Tensing is affected, as we all are, by a political culture that supports this kind of self-absorption. I do not want to demonize him; to do so would be a failure to indict that culture. His tee shirt, which he says is a tourist souvenir his relative bought in the Great Smoky Mountains, was made to gain profit from a casual symbol of historical violence. That’s not Tensing’s fault. But what’s profitable becomes prevalent. What’s prevalent becomes normal. That a country’s most visited national park would be represented by the symbol of rebellion against that country, a symbol of the enslavement of its citizens and the assassination of one of its most venerated presidents, is preposterous. But “it meant nothing” to Tensing, because he was surrounded by a culture that told him it meant nothing. Like the life of Samuel DuBose, of which Tensing disposed in less than a second. A Black man dead: What is prevalent becomes normal.

Tensing talked about his “perception” of being dragged as justification for killing Dubose. He used it to counter the expert testimony of other police who said that he was not dragged, that his procedure was unsound, that his use of force was “unreasonable,” that the shooting was “unjustified.” But Tensing’s education as a police officer should have disciplined and broadened his perceptions, rooting them in reality. Tensing reached into Dubose’s car, which his training had taught him never to do. If he hadn’t, there would have been no bodily threat at all–whether perceived or real.

As the Black Lives Matter movement continues to unfold, America hears the phrase “implicit bias” more. Hillary Clinton mentioned it in the first presidential debate as a “problem for everyone, not just police.” It is, among other things, a form of self-absorption, an obsession with your own perception, an indifference to education about the perceptions of others. We can all be guilty of it. It results in stereotype, and generates fear, especially in emergencies. We think of it as hateful, but it can be cool, casual, and unintentional, like nonchalance. Still, it can have, in Clinton’s words, “fatal consequences.”

We must battle the self-absorption of implicit bias, and indifference, by seeking three-dimensional reality. A single point of view gives no depth perception. We may see things, but we don’t see them; we don’t assign them their real value and meaning. As Terrina Allen, Samuel DuBose’s sister, put it: “I think that Tensing thought as little of my brother as he said he thought about that Confederate flag T-shirt that he put on that morning. Nothing at all. He thought nothing at all about [DuBose’s] life.”

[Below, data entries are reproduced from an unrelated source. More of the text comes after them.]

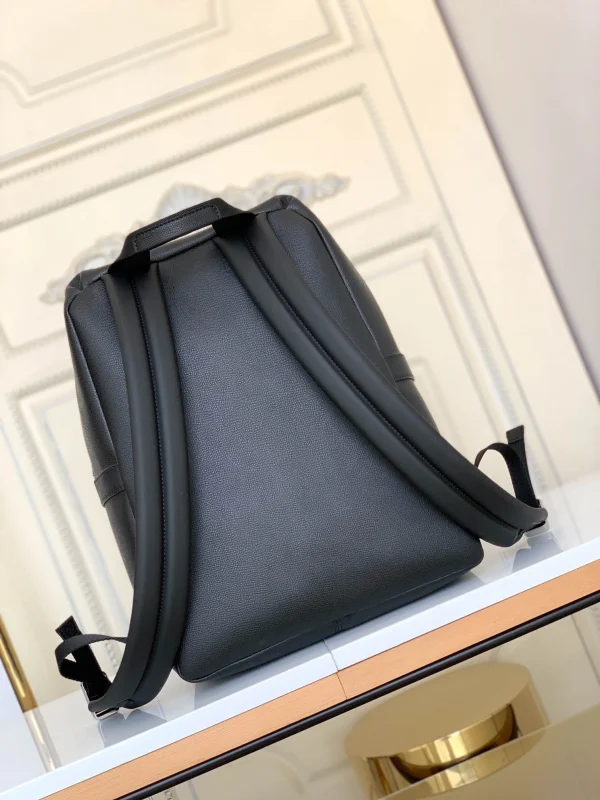 Louis Vuitton Model: M33450 Size: 37.0 x 40.0 x 20.0 cm - Image 9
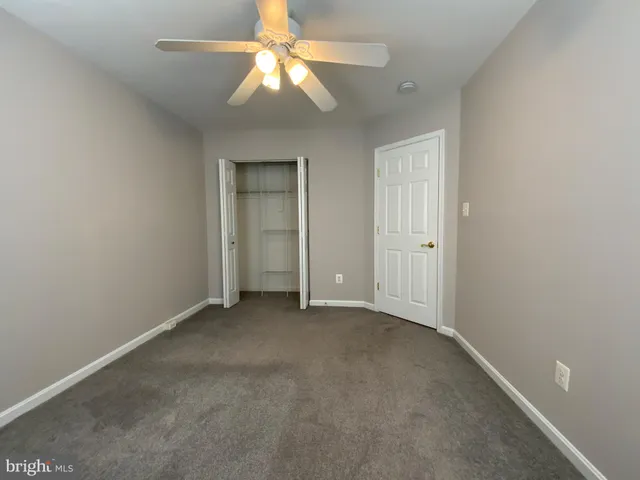 $4,000 | 5722 Governors Pond Circle, Alexandria, VA 22310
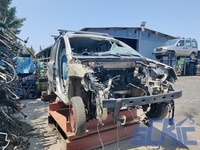 Fiat Panda 169 1.3 D MULTIJET 70CV 2003-2012
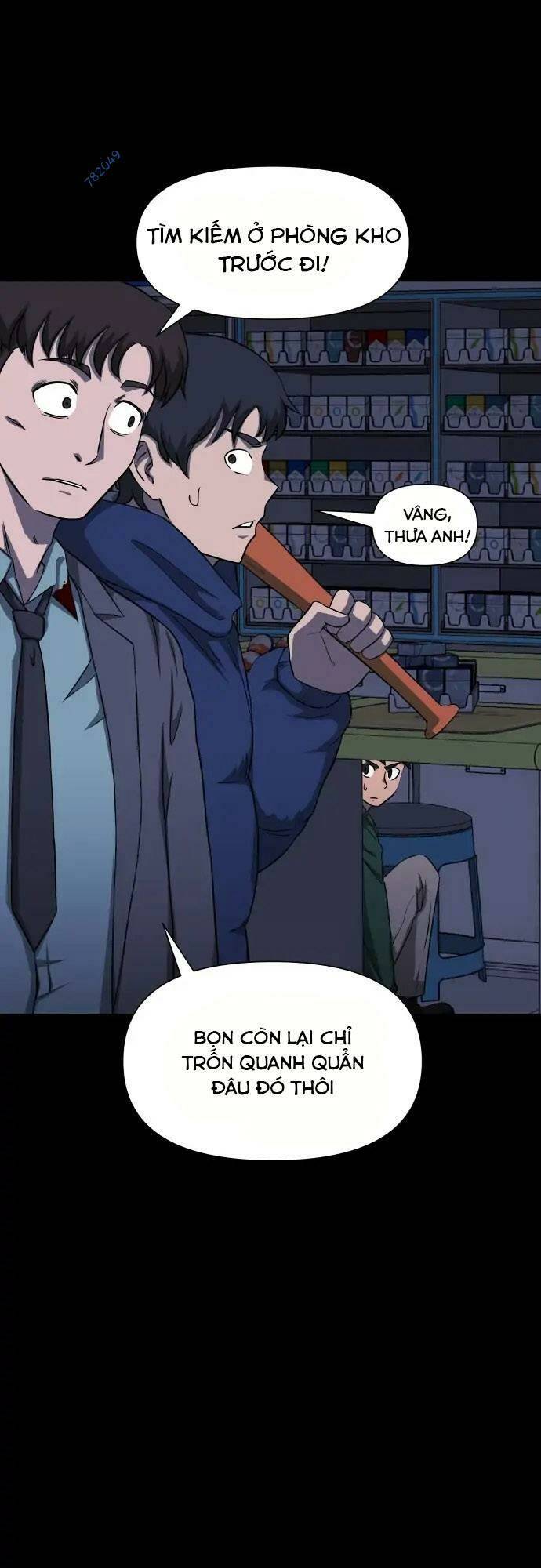 1331 - Chương 10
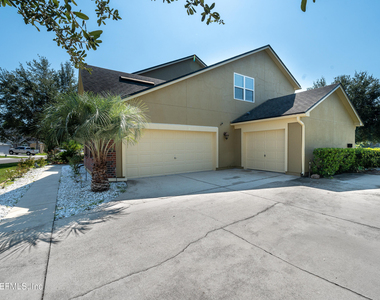 4483 Plantation Oaks Boulevard - Photo Thumbnail 41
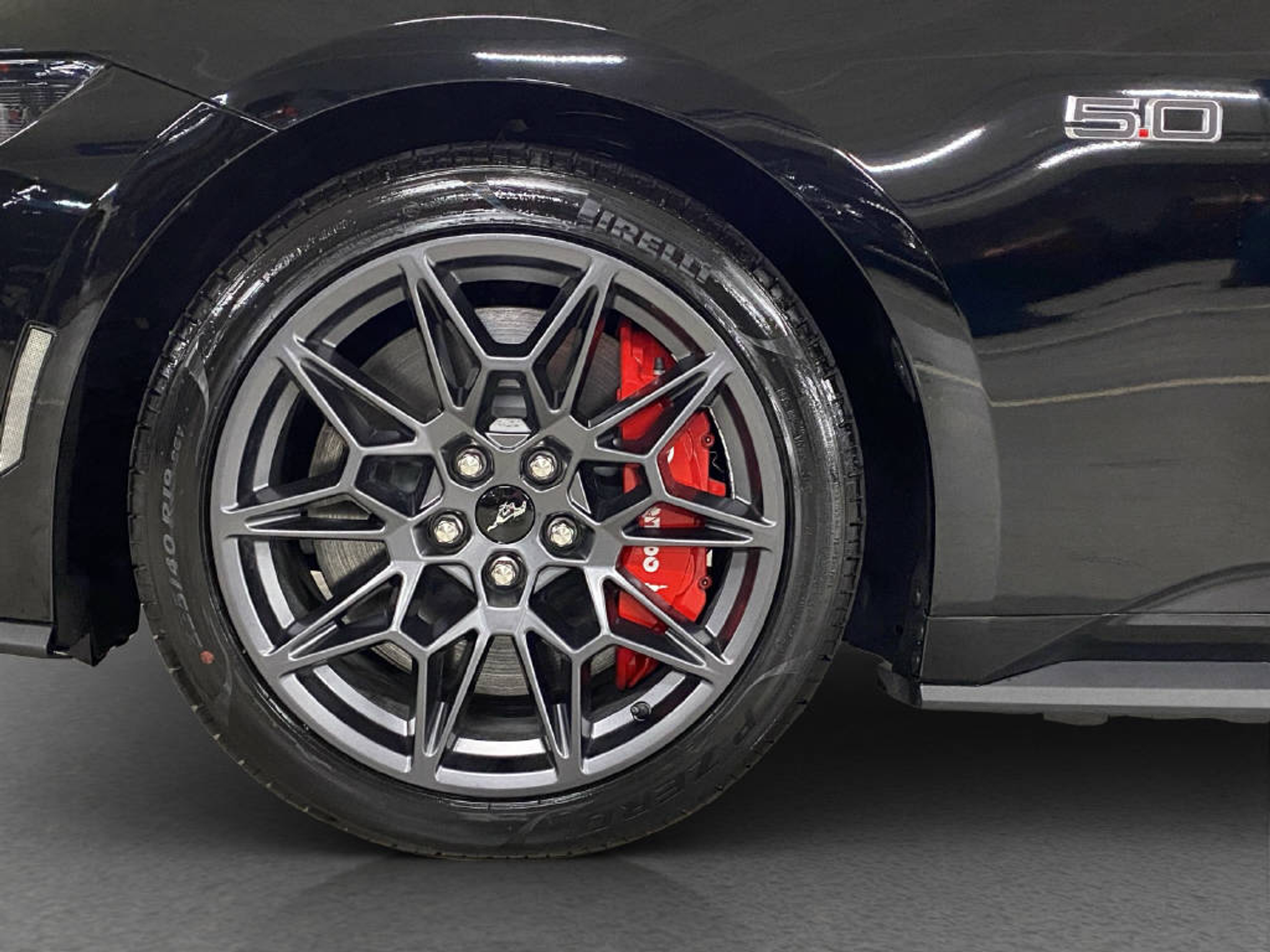 listing desktop thumbnail image 14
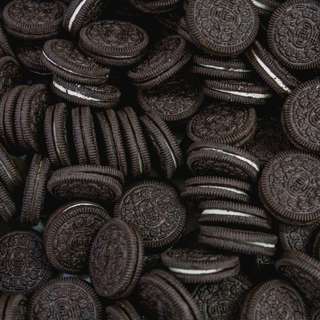 How indulgence brands can benefit from moral licensing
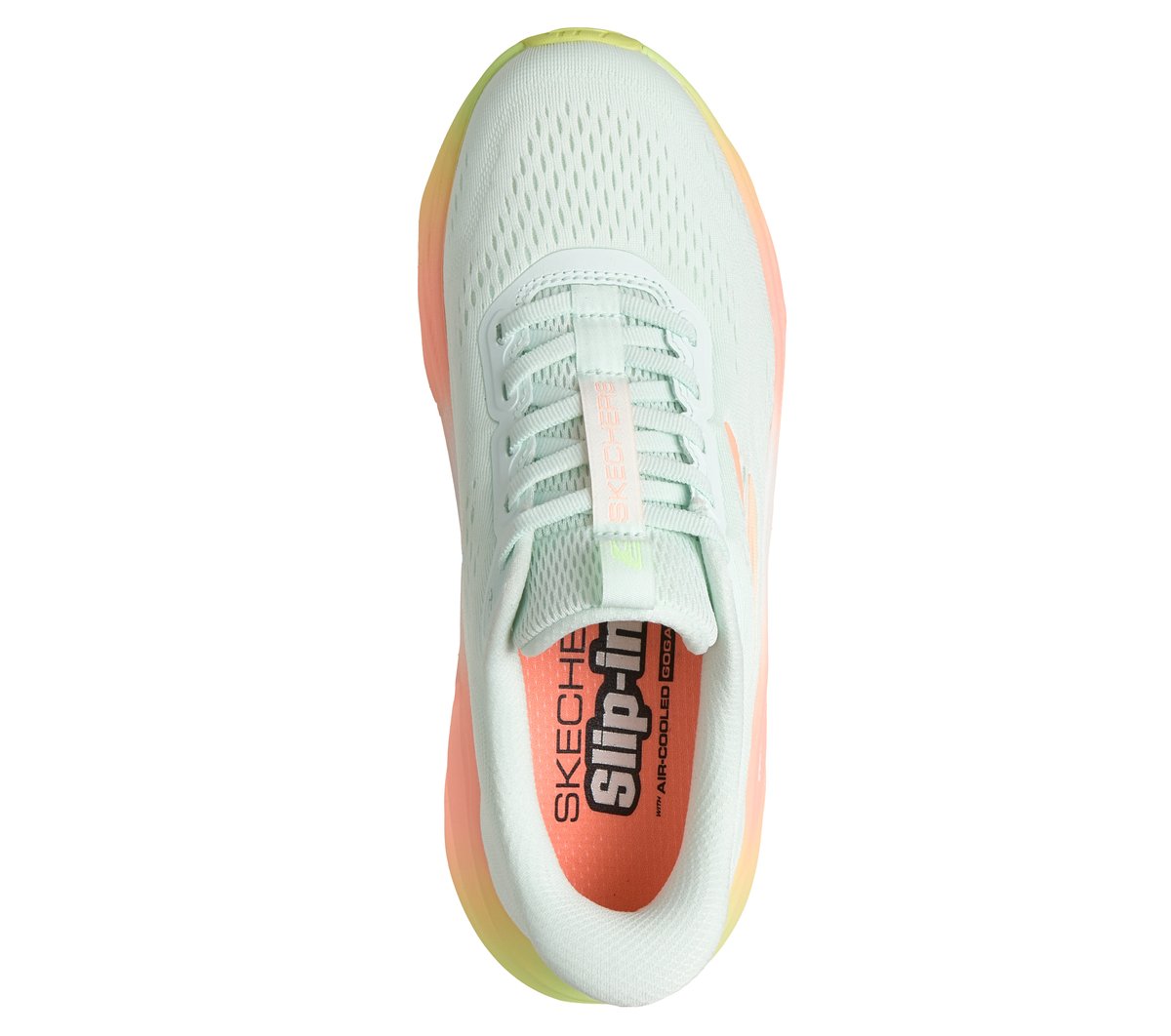 Skechers Slip-ins: Max Run - Image 2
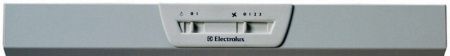 Встраиваемая вытяжка Electrolux EFT 531 W купить за 5&nbsp;520 ₽ в Москве с доставкой по РФ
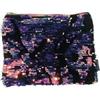 FASHION ANGELS F77390 MAGIC SEQUIN MAXI ASTUCCIO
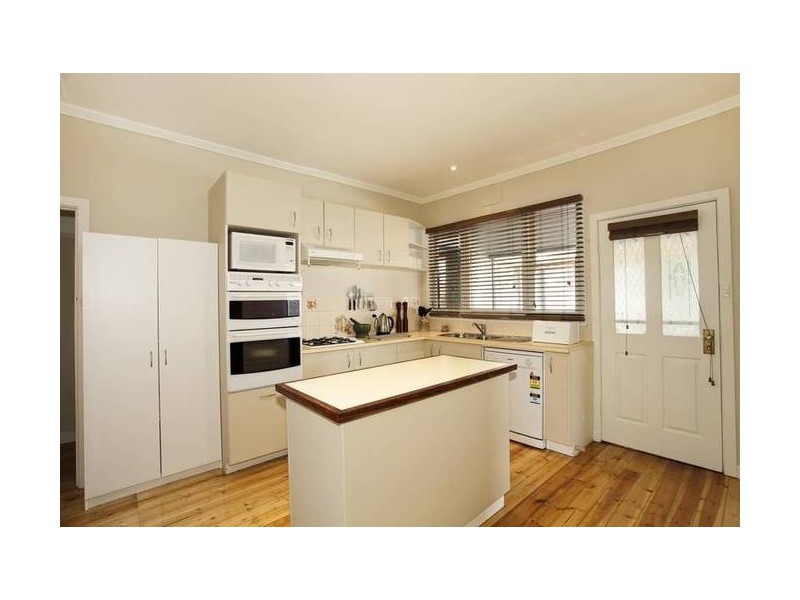 3 MacKay Street, Bendigo VIC 3550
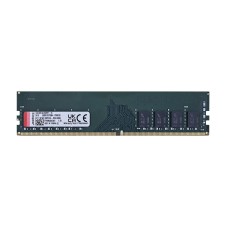 Оперативна пам'ять Kingston 16Gb DDR4-3200 PC4-25600 2Rx8 (CBD32D4U2S8MF-16) UDIMM Non-ECC Unbuffere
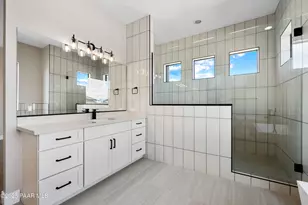 5624 Meridian Ct, Prescott, AZ 86305 - Photo 19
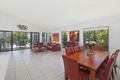 Property photo of 8 Sanibel Court Parrearra QLD 4575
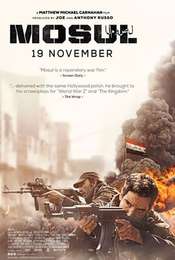 Mosul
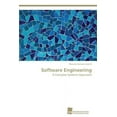thumbnail image 1 of Software Engineering (Paperback), 1 of 1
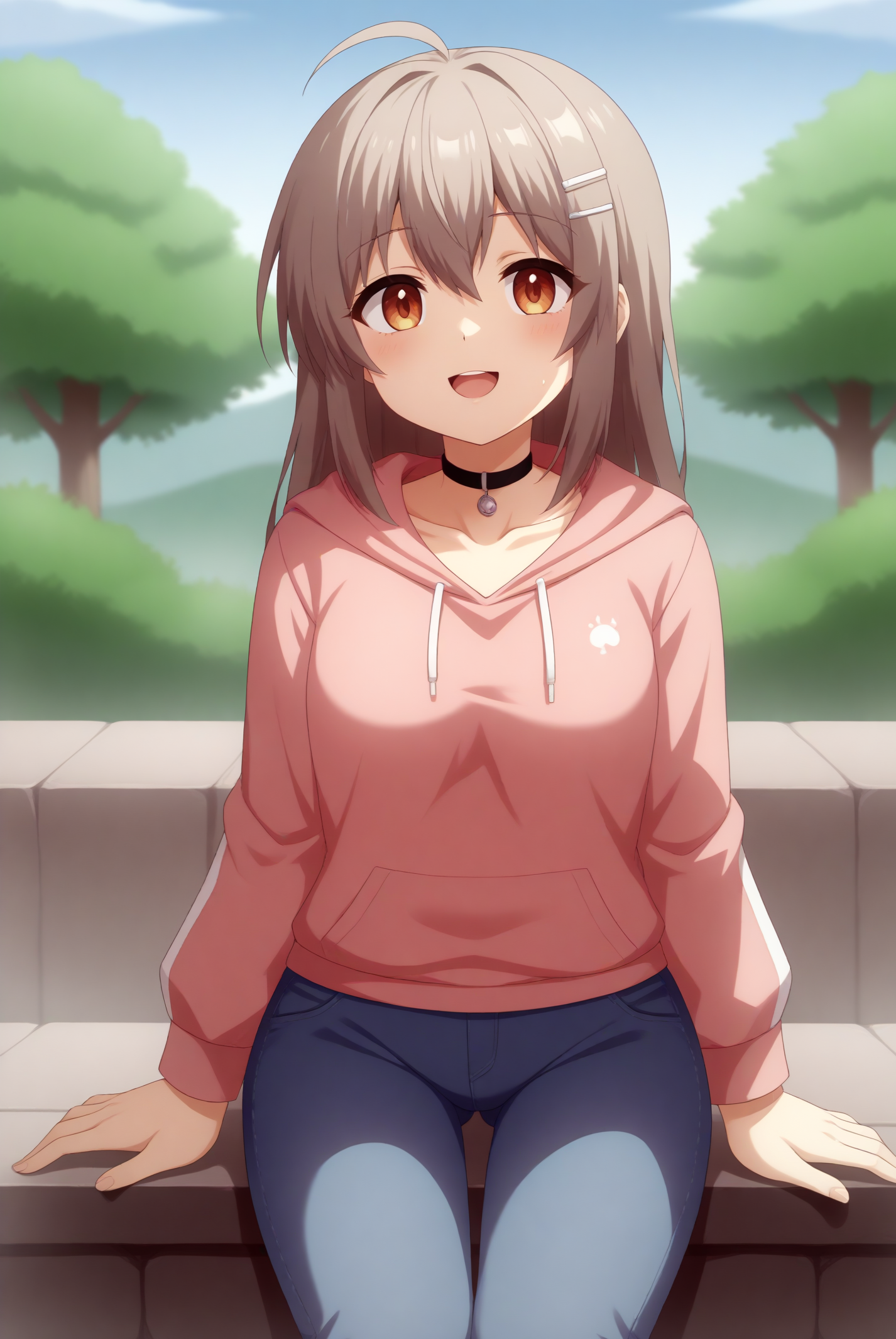 1girl, rating_safe <lora:randomizer89style:0.8>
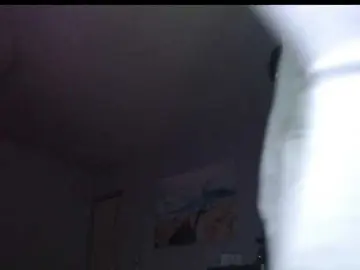 Bongacams Best live sex cam show of Sweetnissapri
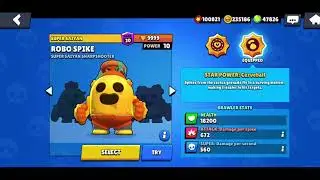 Lwarb beta link in desc.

Since I began writing this essay hours ago, Judge Megan Shanahan has declared a hung-jury mistrial in Tensing’s case. Joe Deters, the Hamilton County prosecutor who so swiftly brought charges against Tensing last year, must retry him. In the coming days few things will be more important to the citizens of Cincinnati, or to their country, than shedding our indifference. We must acknowledge that the choices we make mean something. Doing so may keep us from being so careless with one another’s lives.